Active Mutations stuck forever

seanlaff · June 11, 2020, 3:14pm

Hi all, following up with progress from the previous thread Dgraph can't idle without being oomkilled after large data ingestion

We’ve been getting better performance with the changes being pushed to master, which has been great (and also with the WIP changes in https://github.com/dgraph-io/dgraph/pull/5535). Also want to note, L0OnMemory=false makes a major difference for us, without it the cluster falls over from oom almost immediately. Thoughts on exposing that variable as a runtime config?

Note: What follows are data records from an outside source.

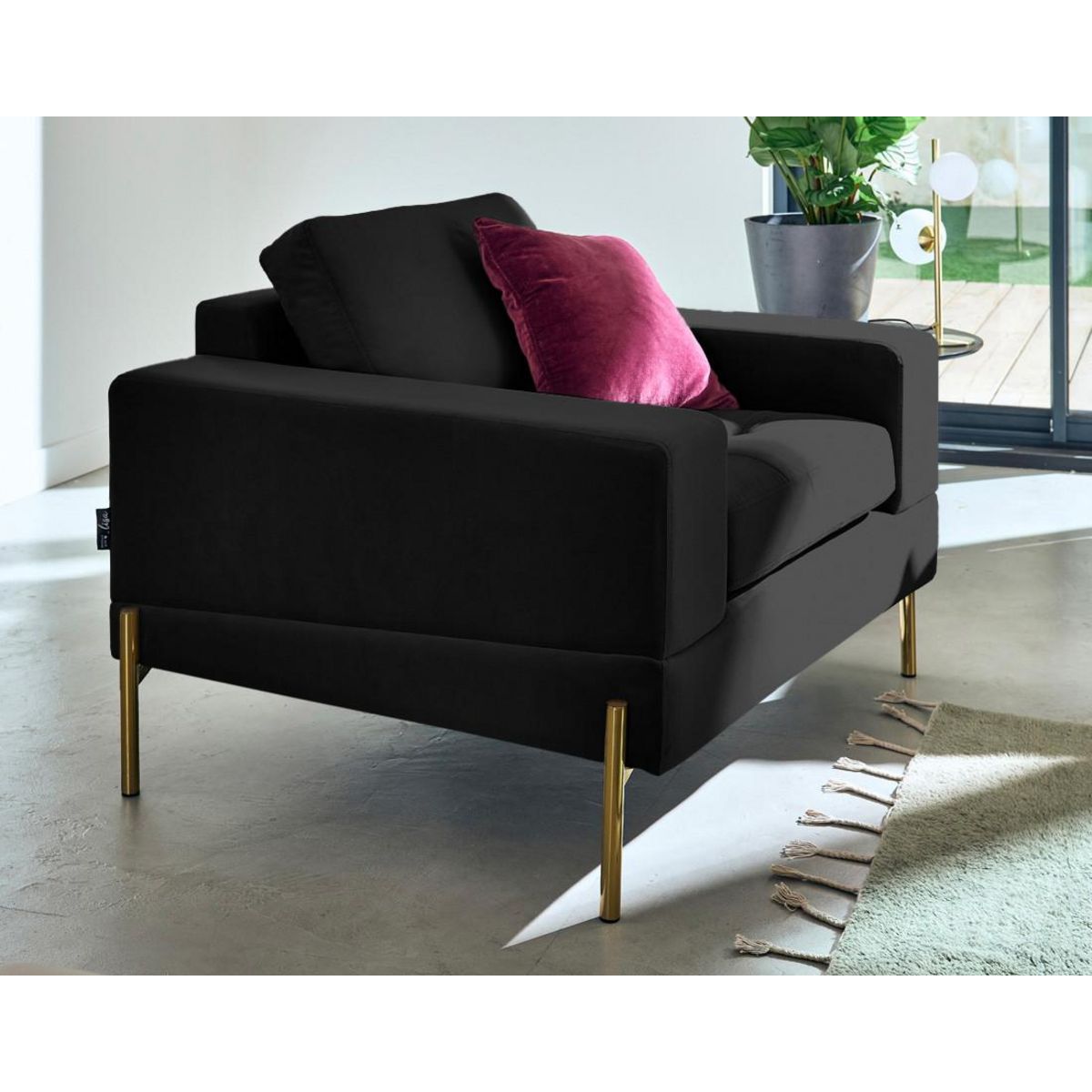 LISA DESIGN Isaure - fauteuil en velours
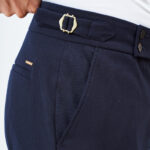 CALÇA SEMI CLÁSSICA COM FIVELA AZUL ZOLF - Image 3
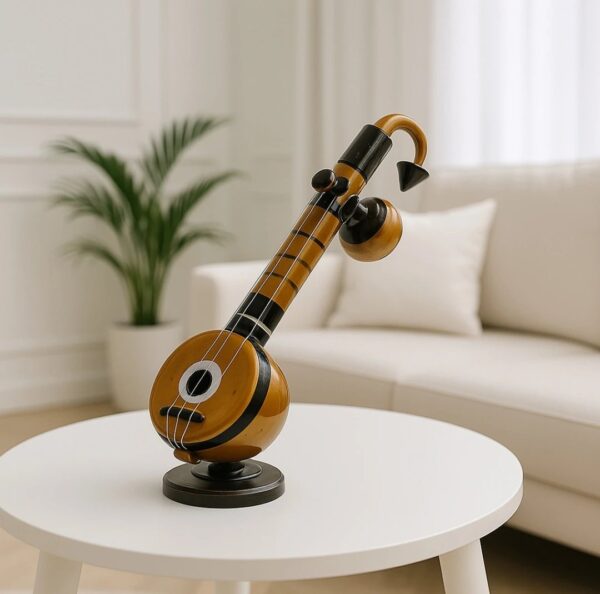 Miniature Wooden Veena Showpiece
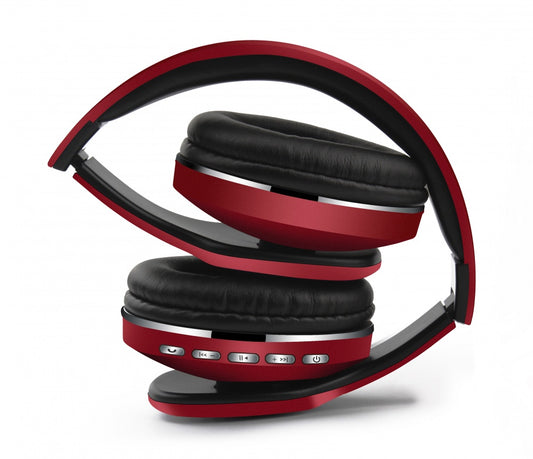 Audifonos Naceb (Na-0307R) Cetusdiademamicrofonobluetoothplegablerojo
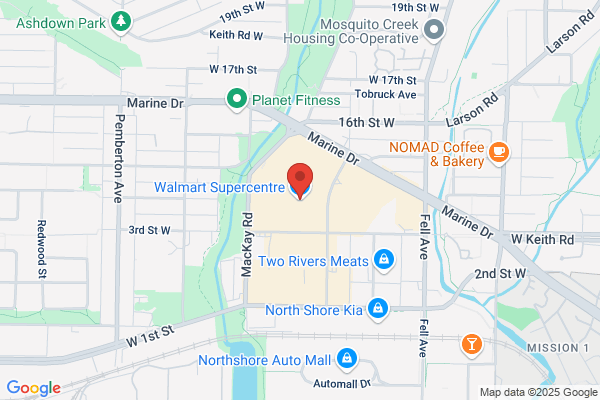 Capilano Mall, Wal Mart, Store Information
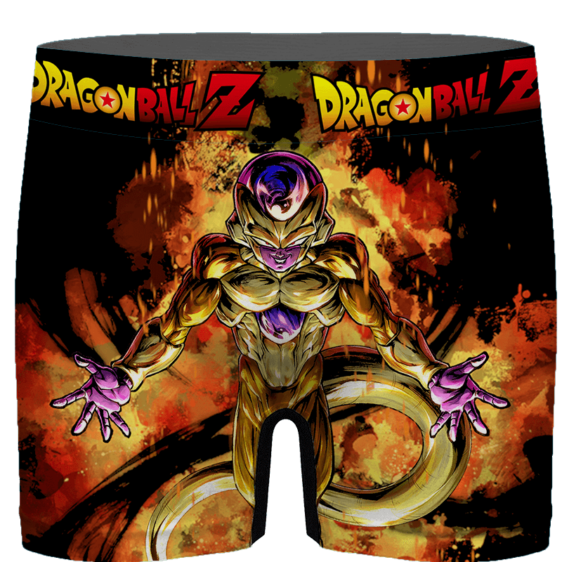 DBZ Golden Frieza Cool Pose Orange Aura Men's Brief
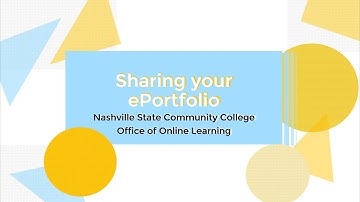 Sharing in ePortfolio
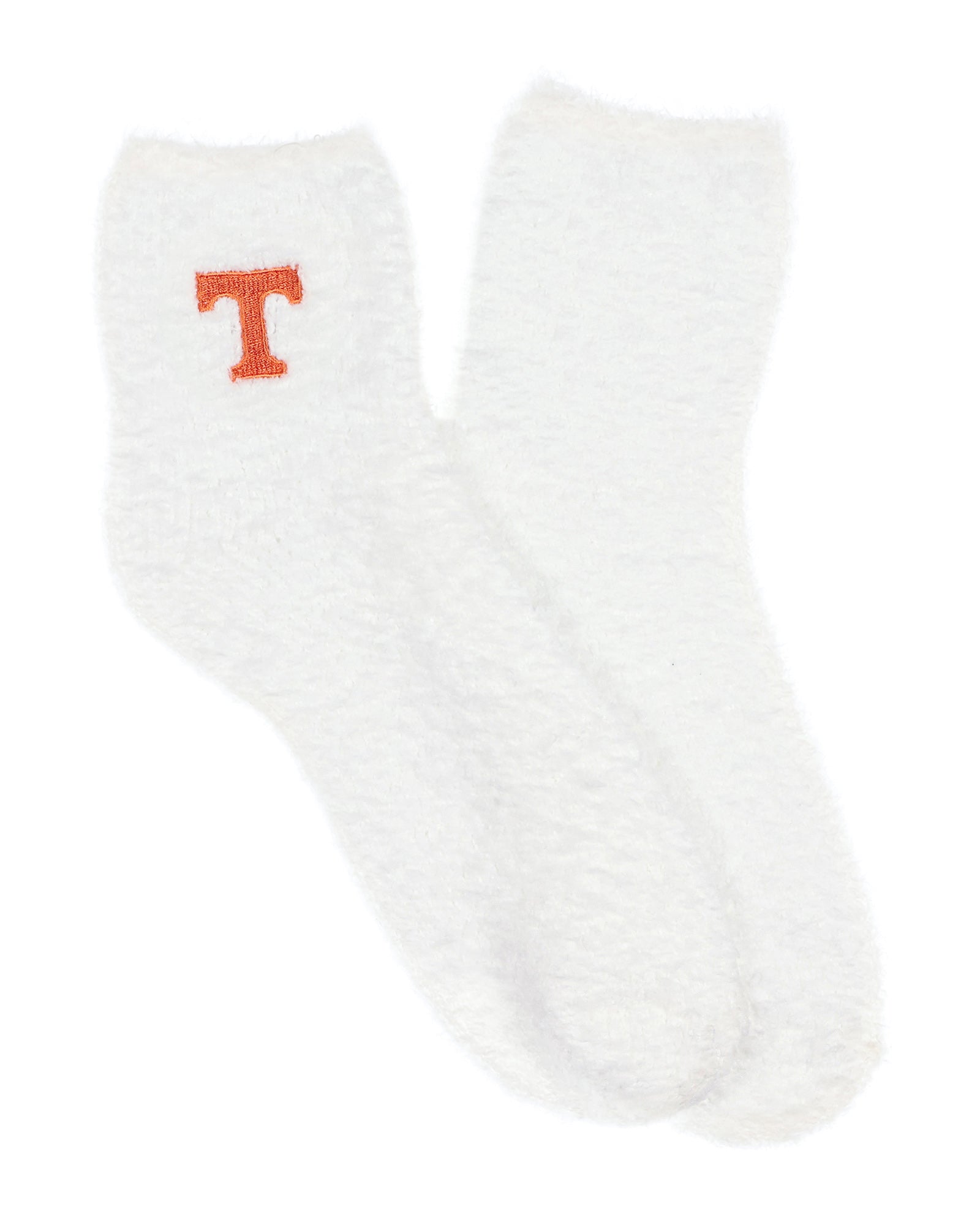 University Collegiate Socks Logo Design Adult Fuzzy Quarter Crew Sock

However we’re running into a situation now where if we kick up our ingestion slightly above what dgraph likes to handle, we get stuck mutations

Screen Shot 2020-06-11 at 10.20.38 AM

We cut all load on the cluster, but those mutations never clear on alpha-0, and we can’t ingest further. Here’s some logs after I tried restarting the node to fix it. Through this time mem/cpu were only at 25% util. What should I try next?

logout_restart_rightimg (295.4 KB)

This image is built on current master with the L0 flag set to disk.

mrjn · June 11, 2020, 3:20pm

If your Alpha is stuck right now, can you share your goroutine stack trace?

https://dgraph.io/docs/howto/#goroutine-stack

Also looks like your Zero was down for sometime, but then recovered.

seanlaff · June 11, 2020, 3:24pm

Sure can, and yup after the cluster was in this state for an hour I tried bouncing everything to see if was a transient issue- so I think there was some zero churn at the beginning of the log.

dump (956.2 KB)

Here’s the goroutine dump

Also slightly updated logs at time of the goroutine trace alpha0logs (299.5 KB)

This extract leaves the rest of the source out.